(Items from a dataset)
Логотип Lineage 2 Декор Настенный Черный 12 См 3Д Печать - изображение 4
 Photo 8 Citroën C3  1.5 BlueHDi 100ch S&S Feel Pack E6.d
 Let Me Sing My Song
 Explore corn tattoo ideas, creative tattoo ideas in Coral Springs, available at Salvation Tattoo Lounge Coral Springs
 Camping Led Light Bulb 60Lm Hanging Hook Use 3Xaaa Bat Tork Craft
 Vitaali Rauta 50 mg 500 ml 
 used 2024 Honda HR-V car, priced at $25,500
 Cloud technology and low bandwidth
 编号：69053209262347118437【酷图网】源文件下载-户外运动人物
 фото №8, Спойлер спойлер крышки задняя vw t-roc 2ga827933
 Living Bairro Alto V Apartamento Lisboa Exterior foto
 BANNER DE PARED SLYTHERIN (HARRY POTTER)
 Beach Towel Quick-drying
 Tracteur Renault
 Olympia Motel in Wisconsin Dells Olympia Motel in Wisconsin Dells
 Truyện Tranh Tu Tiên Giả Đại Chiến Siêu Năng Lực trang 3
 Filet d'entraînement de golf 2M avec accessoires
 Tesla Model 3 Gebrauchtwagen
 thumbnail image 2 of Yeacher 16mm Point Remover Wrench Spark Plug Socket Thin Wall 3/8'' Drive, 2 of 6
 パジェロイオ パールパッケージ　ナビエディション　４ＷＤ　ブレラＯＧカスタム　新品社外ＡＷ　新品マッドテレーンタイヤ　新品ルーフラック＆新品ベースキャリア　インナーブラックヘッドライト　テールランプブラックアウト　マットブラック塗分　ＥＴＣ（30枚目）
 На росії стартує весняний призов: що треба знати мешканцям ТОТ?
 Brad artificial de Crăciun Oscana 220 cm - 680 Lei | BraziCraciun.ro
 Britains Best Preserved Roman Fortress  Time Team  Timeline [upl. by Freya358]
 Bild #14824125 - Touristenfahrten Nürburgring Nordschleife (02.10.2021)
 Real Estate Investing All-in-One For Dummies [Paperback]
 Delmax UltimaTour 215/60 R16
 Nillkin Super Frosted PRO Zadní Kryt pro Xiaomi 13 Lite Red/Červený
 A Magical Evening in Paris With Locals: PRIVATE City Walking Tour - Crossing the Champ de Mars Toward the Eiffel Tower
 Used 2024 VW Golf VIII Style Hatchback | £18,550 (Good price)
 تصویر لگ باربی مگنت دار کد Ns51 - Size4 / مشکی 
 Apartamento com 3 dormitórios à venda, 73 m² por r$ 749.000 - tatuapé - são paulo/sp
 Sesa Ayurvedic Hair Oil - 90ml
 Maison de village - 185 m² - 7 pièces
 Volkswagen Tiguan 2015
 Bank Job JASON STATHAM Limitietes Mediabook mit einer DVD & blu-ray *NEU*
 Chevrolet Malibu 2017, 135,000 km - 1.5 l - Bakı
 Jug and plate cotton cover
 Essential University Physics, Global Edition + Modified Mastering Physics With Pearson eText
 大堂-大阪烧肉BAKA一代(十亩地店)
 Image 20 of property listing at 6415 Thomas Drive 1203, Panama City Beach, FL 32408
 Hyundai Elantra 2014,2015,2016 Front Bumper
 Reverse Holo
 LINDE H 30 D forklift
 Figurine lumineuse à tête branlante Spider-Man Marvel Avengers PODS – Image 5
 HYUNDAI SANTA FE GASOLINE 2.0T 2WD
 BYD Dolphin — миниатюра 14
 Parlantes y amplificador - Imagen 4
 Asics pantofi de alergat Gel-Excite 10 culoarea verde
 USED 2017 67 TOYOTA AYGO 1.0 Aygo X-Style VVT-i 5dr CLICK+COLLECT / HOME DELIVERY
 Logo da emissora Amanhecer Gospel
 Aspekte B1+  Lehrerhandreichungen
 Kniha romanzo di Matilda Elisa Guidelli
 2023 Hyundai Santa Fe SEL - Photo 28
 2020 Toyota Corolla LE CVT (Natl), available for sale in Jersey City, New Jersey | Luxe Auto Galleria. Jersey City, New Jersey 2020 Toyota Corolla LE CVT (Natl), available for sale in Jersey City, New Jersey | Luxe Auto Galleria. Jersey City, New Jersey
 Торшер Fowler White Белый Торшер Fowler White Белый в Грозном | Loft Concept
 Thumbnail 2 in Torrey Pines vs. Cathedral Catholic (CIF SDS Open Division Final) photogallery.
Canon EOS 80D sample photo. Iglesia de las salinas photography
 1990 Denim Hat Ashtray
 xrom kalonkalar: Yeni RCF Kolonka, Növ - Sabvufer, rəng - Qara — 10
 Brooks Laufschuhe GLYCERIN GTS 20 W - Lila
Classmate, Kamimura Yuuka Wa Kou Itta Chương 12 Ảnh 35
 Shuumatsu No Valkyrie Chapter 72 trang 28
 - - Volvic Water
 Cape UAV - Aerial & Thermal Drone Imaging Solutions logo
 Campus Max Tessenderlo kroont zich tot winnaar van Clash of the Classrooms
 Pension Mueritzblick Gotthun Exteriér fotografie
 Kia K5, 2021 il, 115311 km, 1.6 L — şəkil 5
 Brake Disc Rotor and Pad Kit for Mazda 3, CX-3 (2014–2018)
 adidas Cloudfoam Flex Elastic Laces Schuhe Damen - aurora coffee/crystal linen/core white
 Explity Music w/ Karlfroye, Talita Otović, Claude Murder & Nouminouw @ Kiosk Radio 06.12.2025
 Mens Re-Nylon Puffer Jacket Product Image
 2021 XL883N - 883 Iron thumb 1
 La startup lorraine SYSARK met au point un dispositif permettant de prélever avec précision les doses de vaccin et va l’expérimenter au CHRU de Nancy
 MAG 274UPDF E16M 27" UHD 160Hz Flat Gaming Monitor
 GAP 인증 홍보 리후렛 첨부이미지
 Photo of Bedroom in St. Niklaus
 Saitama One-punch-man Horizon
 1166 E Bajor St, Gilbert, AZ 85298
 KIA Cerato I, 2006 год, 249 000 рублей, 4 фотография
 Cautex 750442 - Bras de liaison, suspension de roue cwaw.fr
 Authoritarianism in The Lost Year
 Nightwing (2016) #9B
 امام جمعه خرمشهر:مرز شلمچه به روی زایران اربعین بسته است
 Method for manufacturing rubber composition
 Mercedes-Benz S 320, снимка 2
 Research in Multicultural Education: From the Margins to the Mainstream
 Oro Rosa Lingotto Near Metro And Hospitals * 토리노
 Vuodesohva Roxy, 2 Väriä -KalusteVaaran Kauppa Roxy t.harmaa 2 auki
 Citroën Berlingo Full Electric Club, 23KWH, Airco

YOUR GOAL: Print the records above once again, exactly as written.

SOLUTION BELOW:
Логотип Lineage 2 Декор Настенный Черный 12 См 3Д Печать - изображение 4
 Photo 8 Citroën C3  1.5 BlueHDi 100ch S&S Feel Pack E6.d
 Let Me Sing My Song
 Explore corn tattoo ideas, creative tattoo ideas in Coral Springs, available at Salvation Tattoo Lounge Coral Springs
 Camping Led Light Bulb 60Lm Hanging Hook Use 3Xaaa Bat Tork Craft
 Vitaali Rauta 50 mg 500 ml 
 used 2024 Honda HR-V car, priced at $25,500
 Cloud technology and low bandwidth
 编号：69053209262347118437【酷图网】源文件下载-户外运动人物
 фото №8, Спойлер спойлер крышки задняя vw t-roc 2ga827933
 Living Bairro Alto V Apartamento Lisboa Exterior foto
 BANNER DE PARED SLYTHERIN (HARRY POTTER)
 Beach Towel Quick-drying
 Tracteur Renault
 Olympia Motel in Wisconsin Dells Olympia Motel in Wisconsin Dells
 Truyện Tranh Tu Tiên Giả Đại Chiến Siêu Năng Lực trang 3
 Filet d'entraînement de golf 2M avec accessoires
 Tesla Model 3 Gebrauchtwagen
 thumbnail image 2 of Yeacher 16mm Point Remover Wrench Spark Plug Socket Thin Wall 3/8'' Drive, 2 of 6
 パジェロイオ パールパッケージ　ナビエディション　４ＷＤ　ブレラＯＧカスタム　新品社外ＡＷ　新品マッドテレーンタイヤ　新品ルーフラック＆新品ベースキャリア　インナーブラックヘッドライト　テールランプブラックアウト　マットブラック塗分　ＥＴＣ（30枚目）
 На росії стартує весняний призов: що треба знати мешканцям ТОТ?
 Brad artificial de Crăciun Oscana 220 cm - 680 Lei | BraziCraciun.ro
 Britains Best Preserved Roman Fortress  Time Team  Timeline [upl. by Freya358]
 Bild #14824125 - Touristenfahrten Nürburgring Nordschleife (02.10.2021)
 Real Estate Investing All-in-One For Dummies [Paperback]
 Delmax UltimaTour 215/60 R16
 Nillkin Super Frosted PRO Zadní Kryt pro Xiaomi 13 Lite Red/Červený
 A Magical Evening in Paris With Locals: PRIVATE City Walking Tour - Crossing the Champ de Mars Toward the Eiffel Tower
 Used 2024 VW Golf VIII Style Hatchback | £18,550 (Good price)
 تصویر لگ باربی مگنت دار کد Ns51 - Size4 / مشکی 
 Apartamento com 3 dormitórios à venda, 73 m² por r$ 749.000 - tatuapé - são paulo/sp
 Sesa Ayurvedic Hair Oil - 90ml
 Maison de village - 185 m² - 7 pièces
 Volkswagen Tiguan 2015
 Bank Job JASON STATHAM Limitietes Mediabook mit einer DVD & blu-ray *NEU*
 Chevrolet Malibu 2017, 135,000 km - 1.5 l - Bakı
 Jug and plate cotton cover
 Essential University Physics, Global Edition + Modified Mastering Physics With Pearson eText
 大堂-大阪烧肉BAKA一代(十亩地店)
 Image 20 of property listing at 6415 Thomas Drive 1203, Panama City Beach, FL 32408
 Hyundai Elantra 2014,2015,2016 Front Bumper
 Reverse Holo
 LINDE H 30 D forklift
 Figurine lumineuse à tête branlante Spider-Man Marvel Avengers PODS – Image 5
 HYUNDAI SANTA FE GASOLINE 2.0T 2WD
 BYD Dolphin — миниатюра 14
 Parlantes y amplificador - Imagen 4
 Asics pantofi de alergat Gel-Excite 10 culoarea verde
 USED 2017 67 TOYOTA AYGO 1.0 Aygo X-Style VVT-i 5dr CLICK+COLLECT / HOME DELIVERY
 Logo da emissora Amanhecer Gospel
 Aspekte B1+  Lehrerhandreichungen
 Kniha romanzo di Matilda Elisa Guidelli
 2023 Hyundai Santa Fe SEL - Photo 28
 2020 Toyota Corolla LE CVT (Natl), available for sale in Jersey City, New Jersey | Luxe Auto Galleria. Jersey City, New Jersey 2020 Toyota Corolla LE CVT (Natl), available for sale in Jersey City, New Jersey | Luxe Auto Galleria. Jersey City, New Jersey
 Торшер Fowler White Белый Торшер Fowler White Белый в Грозном | Loft Concept
 Thumbnail 2 in Torrey Pines vs. Cathedral Catholic (CIF SDS Open Division Final) photogallery.
Canon EOS 80D sample photo. Iglesia de las salinas photography
 1990 Denim Hat Ashtray
 xrom kalonkalar: Yeni RCF Kolonka, Növ - Sabvufer, rəng - Qara — 10
 Brooks Laufschuhe GLYCERIN GTS 20 W - Lila
Classmate, Kamimura Yuuka Wa Kou Itta Chương 12 Ảnh 35
 Shuumatsu No Valkyrie Chapter 72 trang 28
 - - Volvic Water
 Cape UAV - Aerial & Thermal Drone Imaging Solutions logo
 Campus Max Tessenderlo kroont zich tot winnaar van Clash of the Classrooms
 Pension Mueritzblick Gotthun Exteriér fotografie
 Kia K5, 2021 il, 115311 km, 1.6 L — şəkil 5
 Brake Disc Rotor and Pad Kit for Mazda 3, CX-3 (2014–2018)
 adidas Cloudfoam Flex Elastic Laces Schuhe Damen - aurora coffee/crystal linen/core white
 Explity Music w/ Karlfroye, Talita Otović, Claude Murder & Nouminouw @ Kiosk Radio 06.12.2025
 Mens Re-Nylon Puffer Jacket Product Image
 2021 XL883N - 883 Iron thumb 1
 La startup lorraine SYSARK met au point un dispositif permettant de prélever avec précision les doses de vaccin et va l’expérimenter au CHRU de Nancy
 MAG 274UPDF E16M 27" UHD 160Hz Flat Gaming Monitor
 GAP 인증 홍보 리후렛 첨부이미지
 Photo of Bedroom in St. Niklaus
 Saitama One-punch-man Horizon
 1166 E Bajor St, Gilbert, AZ 85298
 KIA Cerato I, 2006 год, 249 000 рублей, 4 фотография
 Cautex 750442 - Bras de liaison, suspension de roue cwaw.fr
 Authoritarianism in The Lost Year
 Nightwing (2016) #9B
 امام جمعه خرمشهر:مرز شلمچه به روی زایران اربعین بسته است
 Method for manufacturing rubber composition
 Mercedes-Benz S 320, снимка 2
 Research in Multicultural Education: From the Margins to the Mainstream
 Oro Rosa Lingotto Near Metro And Hospitals * 토리노
 Vuodesohva Roxy, 2 Väriä -KalusteVaaran Kauppa Roxy t.harmaa 2 auki
 Citroën Berlingo Full Electric Club, 23KWH, Airco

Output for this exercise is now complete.